Art.11. Artikel 43 van hetzelfde besluit wordt vervangen als volgt :
" Art. 43. In afwijking hiervan, wanneer uitzonderlijke omstandigheden een geassocieerd bestuur ervan weerhouden alle verbintenissen die opgenomen zijn in de programmaovereenkomst krachtens artikel 42 na te leven, kan laatstegenoemde in ondergeschikte orde de volgende punctuele bijdragen waarderen :
1° de punctuele subsidies voor projecten die geïntegreerd zijn in het programma van het cultureel centrum en samen met dit laatste zijn gerealiseerd.
2° de tenlasteneming van artistieke lonen voor projecten die zijn geïntegreerd in het programma van het cultureel centrum en samen met dit laatste zijn gerealiseerd;
3° de punctuele terbeschikkingstelling van extra lokalen ;
4° de gerichte diensten die tot de categorieën bedoeld in artikel 42, 3° behoren. ".

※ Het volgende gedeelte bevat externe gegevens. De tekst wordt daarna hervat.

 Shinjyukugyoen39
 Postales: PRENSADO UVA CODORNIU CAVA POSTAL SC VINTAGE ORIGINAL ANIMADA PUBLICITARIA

Art.12. In artikel 45, § 1, van hetzelfde besluit wordt 1° vervangen als volgt :
" 1° de beschrijving van de opdracht toevertrouwd overeenkomstig artikel 100 van het decreet van 28 maart 2019 betreffende het nieuwe beheerkader inzake cultuur ; ".

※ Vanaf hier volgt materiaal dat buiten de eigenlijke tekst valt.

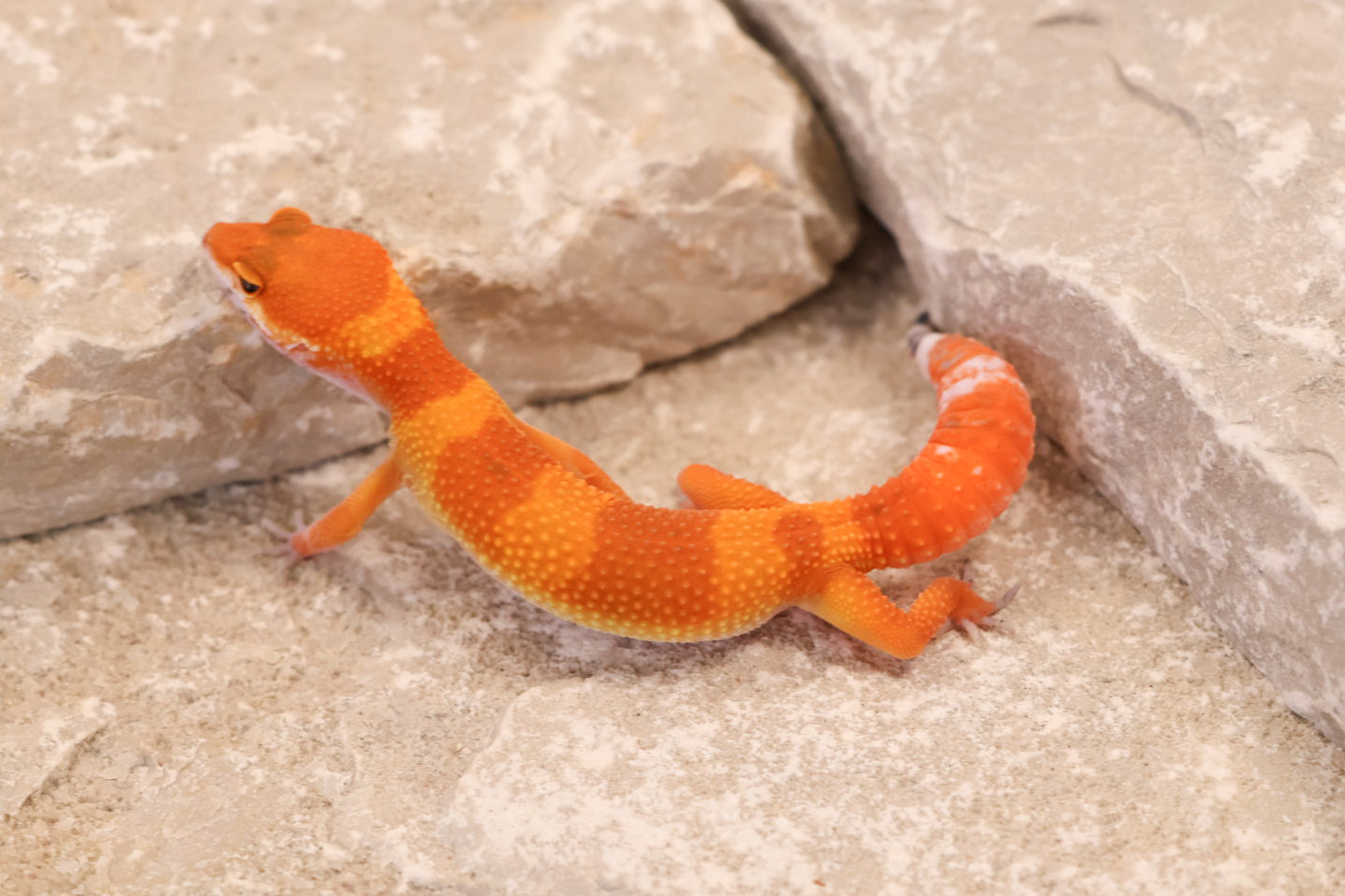 26-111 | Tangerine | Female
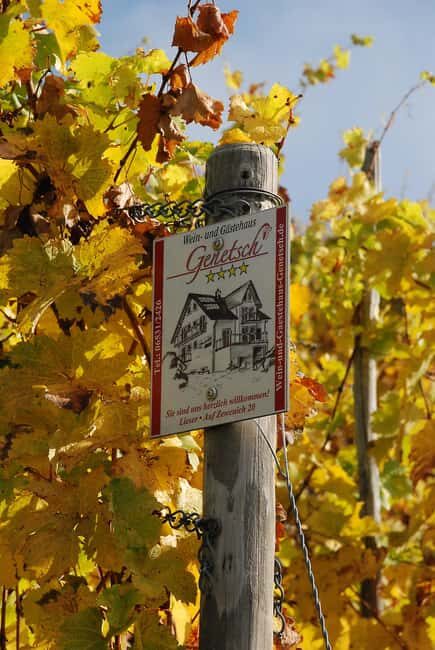 Lieser: covered wagon ride, the rolling wine tasting with picnic basket - Final Thoughts: Who Should Consider This Tour?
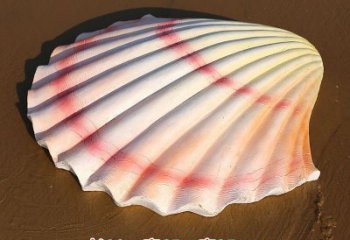 貝殼雕塑，玻璃鋼貝殼雕塑，海洋生物雕塑擺件 (2)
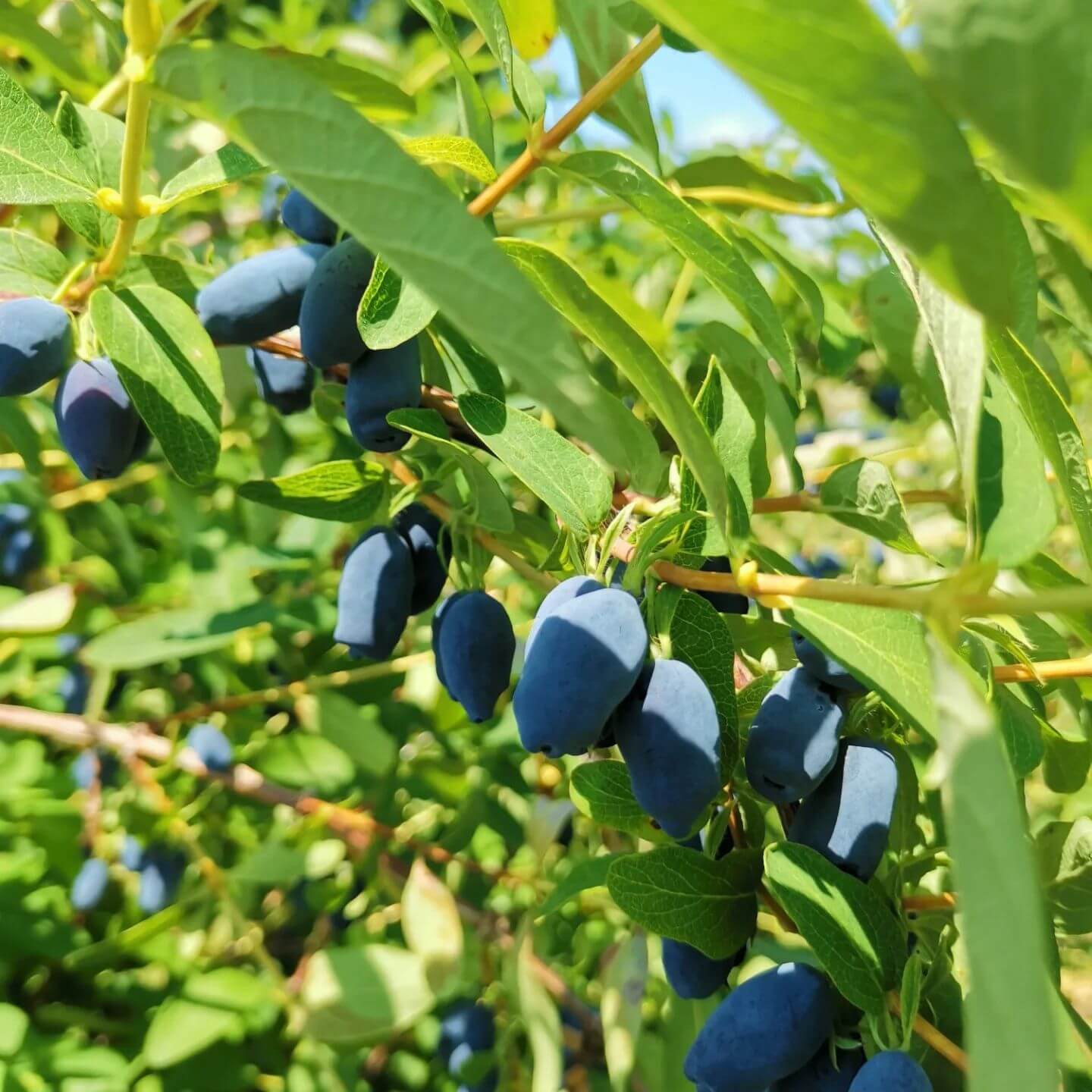 パティスリーラネージュ-ハスカップ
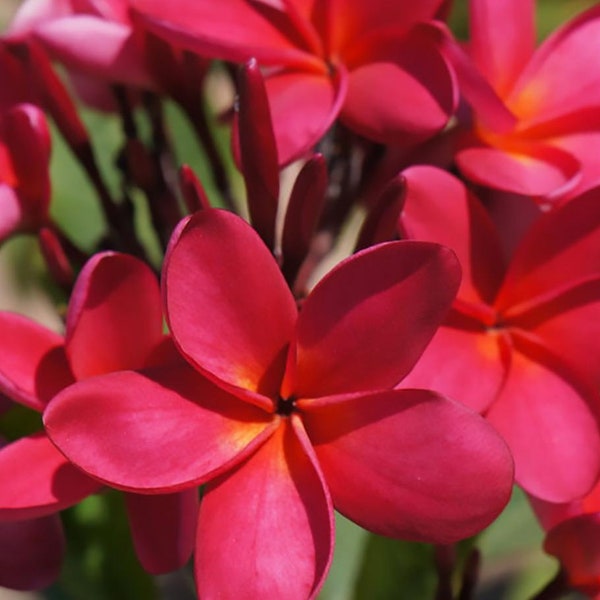 Hawaiian Red Exotic Plumeria Frangipani Plant Cuttings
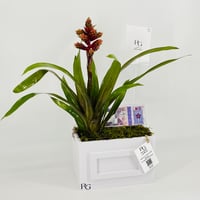 12840 - Image 2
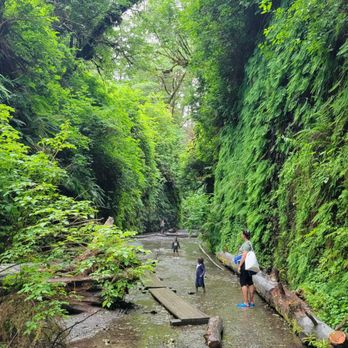 Fern Canyon Trailhead - Fern Canyon - Parks Near Me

Art.13. In artikel 46, § 1, van hetzelfde besluit worden de woorden " de directeur " vervangen door de woorden " de directie ".
In § 2 van hetzelfde artikel wordt het woord " directeur " vervangen door het woord " directie " .
Art.14. In artikel 52 van hetzelfde besluit, in het eerste lid, worden de volgende wijzigingen aangebracht :
1° de woorden " Commissie voor de culturele centra " worden vervangen door het woord " Adviescommissie ".
2° de woorden "de bevoegde sectorale adviesinstantie" worden vervangen door de woorden "de bevoegde sectorale adviescommissie".
Art.15. In artikel 56, § 2, van hetzelfde besluit worden de woorden " aan het cultureel centrum " vervangen door de woorden " aan de representatieve organisatie ".
Art.16. In artikel 57 van hetzelfde besluit, in het eerste en tweede lid, worden de woorden " Commissie voor de culturele centra " telkens vervangen door het woord " Adviescommissie ".
Art.17. In artikel 61 van hetzelfde besluit wordt het eerste lid vervangen als volgt :
"Het cultureel centrum met het oog op de samenwerking of de representatieve organisatie hebben, tegen de beslissingen bedoeld in de artikelen 52, 57, 59 en 60, een recht van beroep dat moet worden uitgeoefend onder de voorwaarden en volgens de nadere regels bepaald in artikel 96 van het decreet van 28 maart 2019 betreffende het nieuwe beheerkader inzake cultuur. ".
Art.18. In hetzelfde besluit wordt artikel 63 opgeheven.
HOOFDSTUK 2. - Slotbepalingen
Art.19. Dit besluit treedt in werking op 6 april 2024.
De wijzigingen uit de artikelen 9 tot 11 zijn van toepassing op lopende en toekomstige programmaovereenkomsten vanaf het begrotingsjaar 2024.
Het jaarlijkse afrekening bedoeld in artikel 9 moet voor de eerste keer tegen 30 juni 2025 ingediend worden.
Art. 20. De Minister die bevoegd is voor de culturele centra, is belast met de uitvoering van dit besluit.